Dodd-Frank requires the S.E.C. to pay awards to whistleblowers who voluntarily provide original information to the S.E.C. that leads to the successful enforcement of a violation of federal securities laws resulting in sanctions exceeding $1 million. By statute, the awards must range from at least 10% to a maximum of 30% of the sanctions collected.
The information must be original. That means it must be based on the whistleblower’s independent knowledge or analysis, not already known to the S.E.C., and not derived exclusively from public sources.
Dodd-Frank also prohibits retaliation. An employee who proves a retaliation claim is entitled to reinstatement and two times back pay, with interest. Even employees who provide immaterial leads to the S.E.C. are protected by the statute’s anti-retaliation provisions.
The criteria for award amounts paid to whistleblowers are set forth in the S.E.C rules implementing the statute. The factors considered by the S.E.C. in determining whether to increase or decrease a whistleblowers award generally weigh the value of the whistleblower’s assistance and his or her culpability in the wrongdoing reported.
New York’s proposed legislation, called the Financial Frauds Whistleblower Act, would pay out awards to tipsters who turn over original information leading to successful cases. Similar to the federal program, the tipsters would get awards between 10% and 30% of the amount of penalties recovered if their information leads to sanctions of more than $1 million dollars. The Act would also protect the confidentiality of the whistleblowers and make it illegal for employers to retaliate in response. Additionally, employers could not fire, demote, suspend or otherwise harass workers who report suspicious activity or fraud to their supervisors or internal compliance staff.
The plan announced by New York’s attorney general will set itself up to be in competition with the S.E.C. for tipsters under their respective whistleblower programs. New York may have a few built in advantages. New York’s jurisdiction would be focused on its Wall Street and banking rich state as opposed to the S.E.C that must deal with the whole country.
If enacted, New York’s program would not have the same limitations on bank cases imposed by Dodd-Frank. Federal authorities are often limited on the amount they can offer whistleblowers in bank cases to $1.6 million. U.S. Attorney General Eric Holder has criticized the federal cap.

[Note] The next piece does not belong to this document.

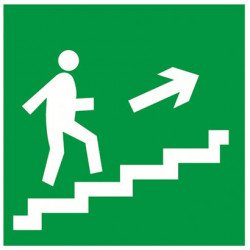 Знак безпеки Напрямок до евакуаційного виходу по сходах вгору праворуч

Also, the S.E.C. has been slow to pay out on the tips it has received. Relatively few awards have been given compared to the thousands of tips, complaints, and referrals it has received since its whistleblower office opened in 2011. The agency did, however, bestow a monster $30 million award on a single overseas tipster last year. But that was the last award it gave out.
Although a number of states have whistleblower programs, none pay the kinds of awards New York’s would. Most state programs are similar to the False Claims Act which aim to discover fraud against the state. New York would go even further and pay awards to tipsters whose information leads to action by the state’s banking and insurance regulator.